■ Problem statement
Set down the data below in full, exactly as it reads, but without the pictures.

■ Data section
########################################

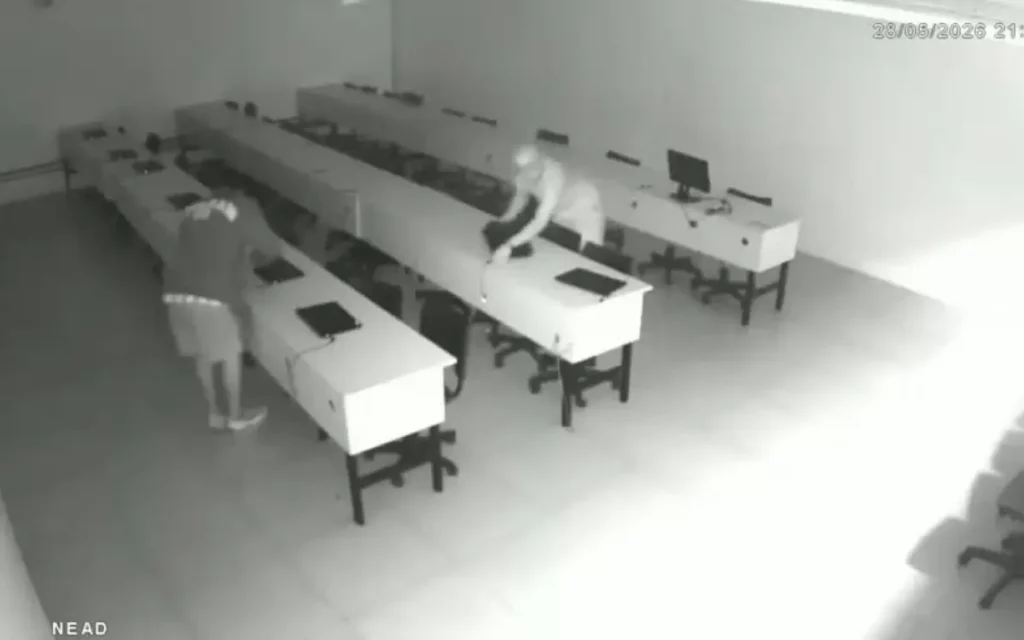 Criminosos entraram na faculdade à noite e furtaram 25 laptops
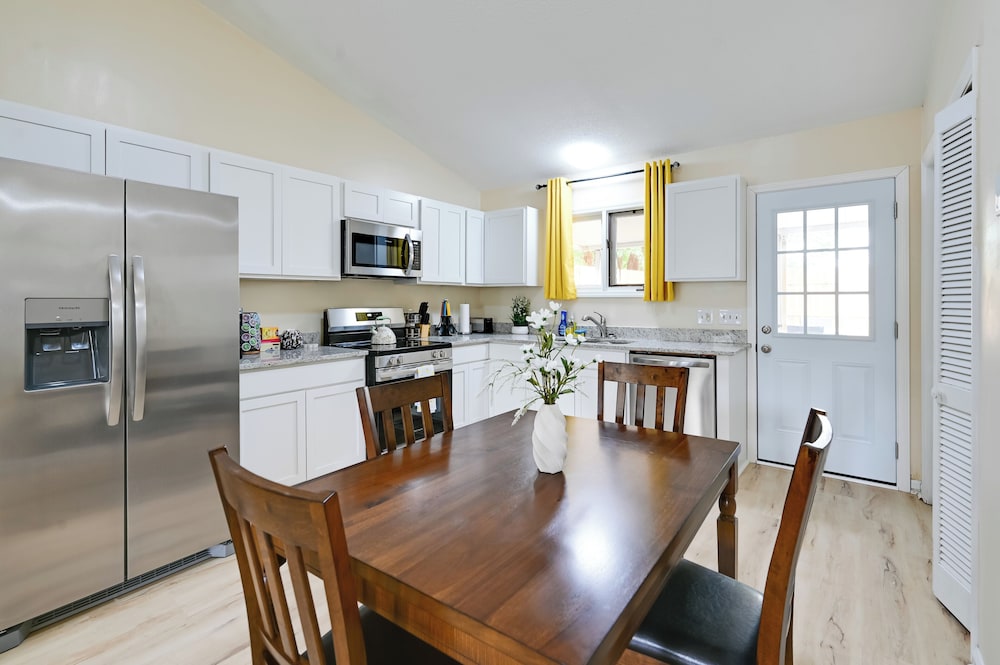 Greenville Getaway: Close to Campus + Stadium!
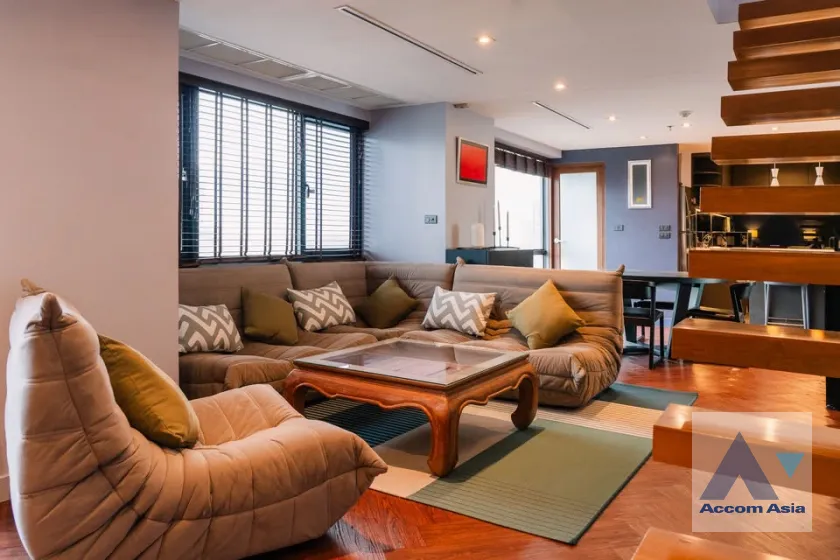 unitFully Furnished, Top floor, Duplex Condo, Penthouse | Stylish condominium with wood stairs and city charm (AA37442)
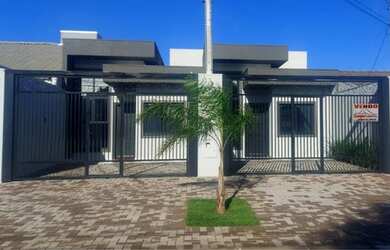 Imagem: A casa possui 2 Dormitórios, 1 Banheiro, 2 Vagas na garagem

########################################

■ Task solution
 Criminosos entraram na faculdade à noite e furtaram 25 laptops
 Greenville Getaway: Close to Campus + Stadium!
 unitFully Furnished, Top floor, Duplex Condo, Penthouse | Stylish condominium with wood stairs and city charm (AA37442)
 Imagem: A casa possui 2 Dormitórios, 1 Banheiro, 2 Vagas na garagem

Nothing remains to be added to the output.